Amazon hastily retracts "Please don't say bad things about Amazon" podcast policy
You know things are going wrong with a policy when even Amazon—the festering maw what nibbles on the feet of every retailer on the planet, a chthonic, all-consuming beast of capitalist excess—thinks the optics underpinning it might be a little hinky. Hence, presumably, a Fox News story that reports today that the retail giant has backed off from language in an upcoming plan to start putting podcasts on its Audible platform, which stated that content on such material “may not include advertising or messages that disparage or are directed against Amazon or any Service.”
Reported by Billboard (working from original reporting from The Desk’s Matthew Keys), said clause—which would, presumably, stop any podcast that included phrases like “Jeff Bezos is a soulless, dead-eyed avatar of American greed,” or “Alexa huffs farts” from being hosted through the new deal—was quickly set upon by Amazon critics as being thoroughly objectionable, and also just goddamn nigh-impossible to maintain. Given that exposure is the sweet ambrosia that keeps the podcast juice flowing, getting hosted on Audible and Amazon Music would obviously be a major boon to any number of shows—but should they have to give up their right to say “Whole Foods is what you get after a vampire sucks all the blood out of a Trader Joe’s” in the process?

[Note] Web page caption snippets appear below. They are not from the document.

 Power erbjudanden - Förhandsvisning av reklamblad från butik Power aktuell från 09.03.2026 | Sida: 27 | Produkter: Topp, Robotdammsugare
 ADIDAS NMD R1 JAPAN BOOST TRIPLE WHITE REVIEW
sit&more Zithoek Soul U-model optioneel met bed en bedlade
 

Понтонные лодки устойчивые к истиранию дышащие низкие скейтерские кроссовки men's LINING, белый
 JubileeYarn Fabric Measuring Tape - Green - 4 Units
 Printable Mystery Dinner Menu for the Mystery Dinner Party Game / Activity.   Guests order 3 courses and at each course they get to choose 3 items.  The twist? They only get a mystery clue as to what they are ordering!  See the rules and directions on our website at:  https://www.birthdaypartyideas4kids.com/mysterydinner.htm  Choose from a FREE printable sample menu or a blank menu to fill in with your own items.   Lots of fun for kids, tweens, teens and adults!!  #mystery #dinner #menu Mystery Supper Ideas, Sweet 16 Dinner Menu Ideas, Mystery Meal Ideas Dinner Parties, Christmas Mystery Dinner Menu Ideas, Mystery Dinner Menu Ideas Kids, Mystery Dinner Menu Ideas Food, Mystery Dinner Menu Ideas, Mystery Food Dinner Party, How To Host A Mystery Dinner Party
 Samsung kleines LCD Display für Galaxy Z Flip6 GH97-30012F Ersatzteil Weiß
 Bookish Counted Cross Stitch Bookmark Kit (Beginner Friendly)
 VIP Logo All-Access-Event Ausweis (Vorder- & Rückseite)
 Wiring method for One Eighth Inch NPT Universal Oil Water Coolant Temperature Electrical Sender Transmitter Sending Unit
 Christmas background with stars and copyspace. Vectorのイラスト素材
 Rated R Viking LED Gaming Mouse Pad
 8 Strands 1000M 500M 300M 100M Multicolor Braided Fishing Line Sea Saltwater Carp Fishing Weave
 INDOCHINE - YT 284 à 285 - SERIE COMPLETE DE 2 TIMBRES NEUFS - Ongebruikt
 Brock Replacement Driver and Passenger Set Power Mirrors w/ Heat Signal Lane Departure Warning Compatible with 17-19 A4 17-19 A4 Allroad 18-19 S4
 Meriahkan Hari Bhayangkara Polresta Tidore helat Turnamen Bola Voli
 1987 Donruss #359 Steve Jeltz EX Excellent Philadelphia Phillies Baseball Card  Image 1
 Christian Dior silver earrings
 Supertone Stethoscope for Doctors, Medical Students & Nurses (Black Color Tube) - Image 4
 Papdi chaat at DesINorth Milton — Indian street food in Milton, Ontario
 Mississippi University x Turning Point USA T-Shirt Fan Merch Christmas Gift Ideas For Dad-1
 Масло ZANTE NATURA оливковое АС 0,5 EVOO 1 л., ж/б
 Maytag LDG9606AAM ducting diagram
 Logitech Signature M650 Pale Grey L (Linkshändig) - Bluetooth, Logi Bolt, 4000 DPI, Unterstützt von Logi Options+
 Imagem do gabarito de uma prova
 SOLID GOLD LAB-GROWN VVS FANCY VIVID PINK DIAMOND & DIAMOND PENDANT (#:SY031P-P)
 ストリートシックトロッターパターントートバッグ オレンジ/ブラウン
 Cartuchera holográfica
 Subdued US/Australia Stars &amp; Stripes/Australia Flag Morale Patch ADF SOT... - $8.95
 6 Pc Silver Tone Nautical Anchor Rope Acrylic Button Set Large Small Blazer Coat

Apparently not, since the language has now apparently been retracted. Which is good, because we just spent like 20 minutes imagining what our lives would be like without the ability to criticize Amazon freely, and it was practically as hellish as spending a thousand hours working on our feet in a warehouse where a computer yells at us every time we dare stop shoving retail goods into bins in order to breathe or pee.